As Himachal Pradesh completed 55 years of statehood this year, these claims sound increasingly hollow—even absurd—when weighed against its economic performance, especially in comparison with fellow Himalayan states.

Experts point out that while Himachal was never created on the strength of its revenue base, a close tracking of its fiscal trajectory today reveals a worrying disconnect between rhetoric and reality.

They argue the time has come to dissect the state’s economic performance more honestly, particularly as the Chief Minister has been repeatedly pitching a “self-reliant Himachal” for the past three years.

Himachal Pradesh has now many things to be worried about. 

The  hard economic data  of its economic health is no longer whispering—it is screaming when we compare its performance with even  smallest Himalayan states. 

 Fresh comparative figures from State Budget 2026–27 lay bare a troubling reality.

Himachal Pradesh, despite its size and legacy advantages, is steadily losing economic ground. It  now struggles to keep pace with smaller hill states like Meghalaya and Mizoram.

With an estimated population of around 75 lakh, Himachal’s fiscal metrics paint a stark picture of stress.

If one goes by  state’s revenue expenditure for 2025–26 (RE) presented by Chief Ministers of four Himalayan states in question, Himachal presents a dismal story.

Himachal’s revenue expenditure stands at ₹54,349 crore, but its revenue budget estimate for 2026–27 drops sharply to ₹46,938 crore.  It is an indication of tightening finances rather than expansion.

Even more worrying is the committed expenditure—₹35,641 crore. It is eating up a massive chunk of  Himachal’s budget, leaving little room for development.

Compare this with Meghalaya, a far smaller state with a population of roughly 35 lakh.

Its revenue budget rises to ₹21,812 crore with a healthier capital expenditure of ₹7,439 crore. Mizoram, smaller still, maintains stability with capital spending at ₹2,588 crore— it is remarkable given its limited base.

The real red flag for Himachal lies in capital expenditure—the engine of growth. Its GSDP stands at Rs 2, 54000 Crore. 

However,   from ₹10,229 crore in 2025–26 (RE), its capital expenditure crashes to a mere ₹3,090 crore in 2026–27 (BE).

This steep fall signals a near freeze on infrastructure expansion and development works.

In contrast, both Meghalaya and Mizoram show steadier capital investment patterns, underlining a more balanced fiscal approach.

Himachal’s Pradesh Chief Minister Sukhvinder Singh Sukhu’s repeated talk of self reliant Himachal sounds hollow in face of this economic reality. 

Even Uttarakhand, often seen as a comparable Himalayan state, is operating at a different scale altogether.

 With a GSDP far ahead and capital expenditure touching over ₹18,000 crore, Uttarakhand is clearly outpacing its neighbour.

The per capita lens sharpens the crisis further.
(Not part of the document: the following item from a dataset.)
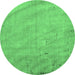 Round Abstract Emerald Green Modern Rug, abs5640emgrn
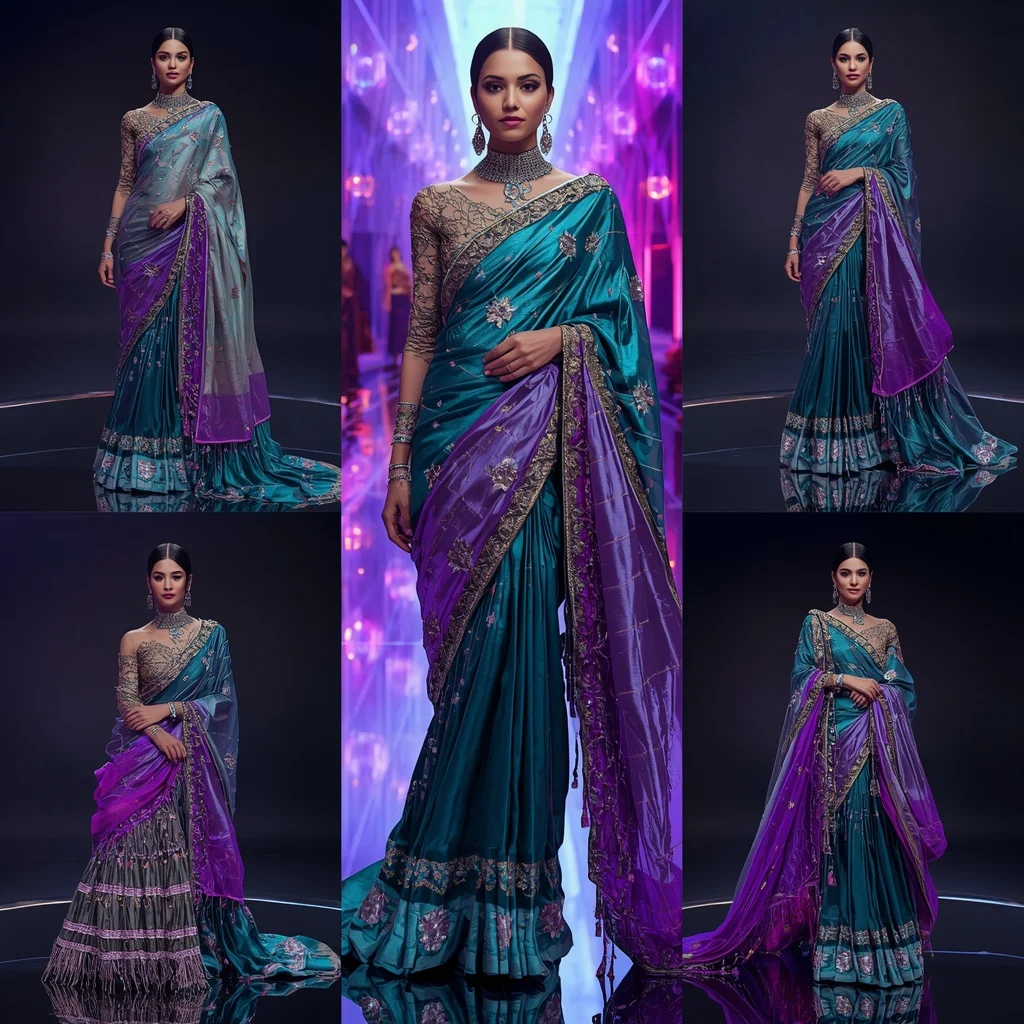 Peacock Crystal Flame Saree with Floating Prism Orbit Sanctuary | Stable Diffusion Prompt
With a larger population than Meghalaya and Mizoram, Himachal’s shrinking development spend translates into thinner resource allocation per citizen.

Rising salary, pension, and interest burdens are clearly choking growth-oriented expenditure with debt burden crossing Rs 1.10 Lakh Crore. 

Against this backdrop, repeated assertions by Chief Minister Sukhvinder Singh Sukhu about making Himachal “self-reliant by 2028” are increasingly being questioned.

With falling capital investment, high committed liabilities, and limited fiscal space, the pitch appears more aspirational than grounded.

The last body blow came early this year when it's RDG was stopped by the Centre on the ground that Himachal has failed to fulfill its fiscal responsibility. 

 Critics argue the narrative risks sounding amateurish—more hype than a strategy backed by hard data of its performance. 

Experts warn that the warning signs have been visible for years: heavy dependence on borrowings, weak revenue mobilisation, and mounting liabilities. The latest data suggests the situation has now reached a tipping point.

In plain terms, Himachal is no longer competing with bigger states—it is struggling to match even the smallest.

Unless structural reforms, aggressive revenue generation, and strict expenditure discipline are enforced, the hill state risks sliding deeper into a fiscal trap where slogans may dominate headlines, but growth remains elusive.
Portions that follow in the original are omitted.